Last week, it did. "It's been like drinking from a fire hose," he gushed in his honeyed drawl. He recounted the past six days: first, on his knees in prayer with fellow Christian lawmakers in a C Street house where he was informed that his conviction—and three-year prison sentence—had been overturned. Then, after lunch with colleagues from the Texas congressional delegation, a few members insisted DeLay visit the House floor. "It was a huge lovefest, members just hugging my neck," including some Democrats, he says. The interview requests kept him in Washington for another day, but even after his return to Texas, texts and voice mails filled his phone, and 200 emails arrived daily. "Somebody said to me during all this that this must lift a terrible burden," he sighs. "I looked at him kinda funny and said, 'Frankly, I didn't have a burden. I gave it to the Lord, and he's carried it all.' "
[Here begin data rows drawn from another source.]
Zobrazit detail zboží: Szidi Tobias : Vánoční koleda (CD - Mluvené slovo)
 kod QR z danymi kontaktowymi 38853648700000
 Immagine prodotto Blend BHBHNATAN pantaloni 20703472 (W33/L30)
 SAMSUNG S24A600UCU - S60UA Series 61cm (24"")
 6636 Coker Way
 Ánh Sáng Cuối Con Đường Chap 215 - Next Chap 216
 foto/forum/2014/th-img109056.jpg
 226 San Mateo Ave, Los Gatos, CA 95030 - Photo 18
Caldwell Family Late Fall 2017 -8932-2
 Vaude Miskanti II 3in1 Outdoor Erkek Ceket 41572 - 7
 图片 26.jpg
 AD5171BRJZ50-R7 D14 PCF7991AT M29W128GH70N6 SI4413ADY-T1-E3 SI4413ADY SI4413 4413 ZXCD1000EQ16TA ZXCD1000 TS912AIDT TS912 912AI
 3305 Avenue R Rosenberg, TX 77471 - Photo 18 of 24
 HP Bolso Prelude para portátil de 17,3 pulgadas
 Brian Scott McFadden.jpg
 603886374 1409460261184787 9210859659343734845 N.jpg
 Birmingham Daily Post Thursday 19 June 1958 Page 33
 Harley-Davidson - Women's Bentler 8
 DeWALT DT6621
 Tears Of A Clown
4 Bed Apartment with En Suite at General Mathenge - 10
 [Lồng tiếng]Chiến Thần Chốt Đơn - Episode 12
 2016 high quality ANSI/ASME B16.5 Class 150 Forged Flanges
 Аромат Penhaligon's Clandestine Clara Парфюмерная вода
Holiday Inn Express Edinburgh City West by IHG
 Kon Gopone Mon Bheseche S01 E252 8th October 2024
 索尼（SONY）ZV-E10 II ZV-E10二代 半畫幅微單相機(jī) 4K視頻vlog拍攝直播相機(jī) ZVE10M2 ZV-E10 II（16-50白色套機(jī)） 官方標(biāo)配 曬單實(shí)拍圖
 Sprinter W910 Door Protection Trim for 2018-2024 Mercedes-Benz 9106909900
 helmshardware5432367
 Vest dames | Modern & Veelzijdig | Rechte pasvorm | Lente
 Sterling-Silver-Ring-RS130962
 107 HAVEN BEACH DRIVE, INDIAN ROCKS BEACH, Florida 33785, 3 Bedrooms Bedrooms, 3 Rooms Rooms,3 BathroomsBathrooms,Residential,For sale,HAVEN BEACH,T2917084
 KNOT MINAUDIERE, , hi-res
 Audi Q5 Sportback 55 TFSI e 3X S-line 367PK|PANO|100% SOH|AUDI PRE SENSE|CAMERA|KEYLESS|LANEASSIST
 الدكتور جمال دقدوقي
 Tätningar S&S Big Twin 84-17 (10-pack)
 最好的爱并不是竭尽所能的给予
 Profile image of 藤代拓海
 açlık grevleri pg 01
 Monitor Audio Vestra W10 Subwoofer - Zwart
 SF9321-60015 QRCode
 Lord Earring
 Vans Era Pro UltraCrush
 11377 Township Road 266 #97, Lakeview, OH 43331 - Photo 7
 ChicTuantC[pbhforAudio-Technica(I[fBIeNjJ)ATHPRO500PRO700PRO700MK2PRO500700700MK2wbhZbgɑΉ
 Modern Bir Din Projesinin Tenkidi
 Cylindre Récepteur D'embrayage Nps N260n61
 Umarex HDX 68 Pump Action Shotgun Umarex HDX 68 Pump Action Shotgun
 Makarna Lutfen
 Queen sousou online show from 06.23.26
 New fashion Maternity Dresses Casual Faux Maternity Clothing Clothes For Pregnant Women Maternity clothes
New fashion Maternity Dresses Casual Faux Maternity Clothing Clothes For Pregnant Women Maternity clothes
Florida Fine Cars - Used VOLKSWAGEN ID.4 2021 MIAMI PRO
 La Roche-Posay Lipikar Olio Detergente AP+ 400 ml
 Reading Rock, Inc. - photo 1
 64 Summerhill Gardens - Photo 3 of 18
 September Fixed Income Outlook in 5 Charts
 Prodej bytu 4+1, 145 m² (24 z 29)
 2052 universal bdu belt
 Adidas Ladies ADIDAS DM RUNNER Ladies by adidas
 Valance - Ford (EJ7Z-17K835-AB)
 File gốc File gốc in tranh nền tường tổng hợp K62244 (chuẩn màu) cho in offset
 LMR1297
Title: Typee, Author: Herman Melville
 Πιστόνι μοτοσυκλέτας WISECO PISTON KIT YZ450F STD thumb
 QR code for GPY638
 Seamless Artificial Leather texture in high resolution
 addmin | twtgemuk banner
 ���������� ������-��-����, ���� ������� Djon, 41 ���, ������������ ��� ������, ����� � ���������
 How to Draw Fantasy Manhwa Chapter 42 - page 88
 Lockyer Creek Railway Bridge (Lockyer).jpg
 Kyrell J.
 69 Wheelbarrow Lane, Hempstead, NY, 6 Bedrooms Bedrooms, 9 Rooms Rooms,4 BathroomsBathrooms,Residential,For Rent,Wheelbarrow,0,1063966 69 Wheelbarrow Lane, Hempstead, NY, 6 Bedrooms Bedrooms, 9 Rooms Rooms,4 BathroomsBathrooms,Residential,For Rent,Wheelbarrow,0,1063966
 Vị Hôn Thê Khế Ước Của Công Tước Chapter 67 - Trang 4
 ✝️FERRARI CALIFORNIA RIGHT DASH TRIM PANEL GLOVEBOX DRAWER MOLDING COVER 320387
Perhaps that's what kept DeLay zen throughout the ordeal. Ever since he was convicted in front of his wife and daughter three years ago, DeLay never stopped smiling or politely insisting that he was the victim of a liberal hit job from a rogue prosecutor. He appears to have been vindicated, at least for now. The facts showed he helped to raise corporate funds for a PAC meant to elect Republican state legislators, who would redraw the congressional map in his party's favor; and then, to get around a state law banning corporate donations to Texas lawmakers, DeLay sent the money to the Republican National Committee, which later gifted equivalent cash back to the candidates. The prosecution called this money laundering. But the Appeals Court said that the corporate donations to the PAC were legal and were given in an attempt to score some face time with DeLay; it then ruled that if the donations were legal, the swap couldn't be money laundering. Ultimately the case seems to say more about the farce of campaign-finance law than about DeLay, whose ethical troubles were long and well-known.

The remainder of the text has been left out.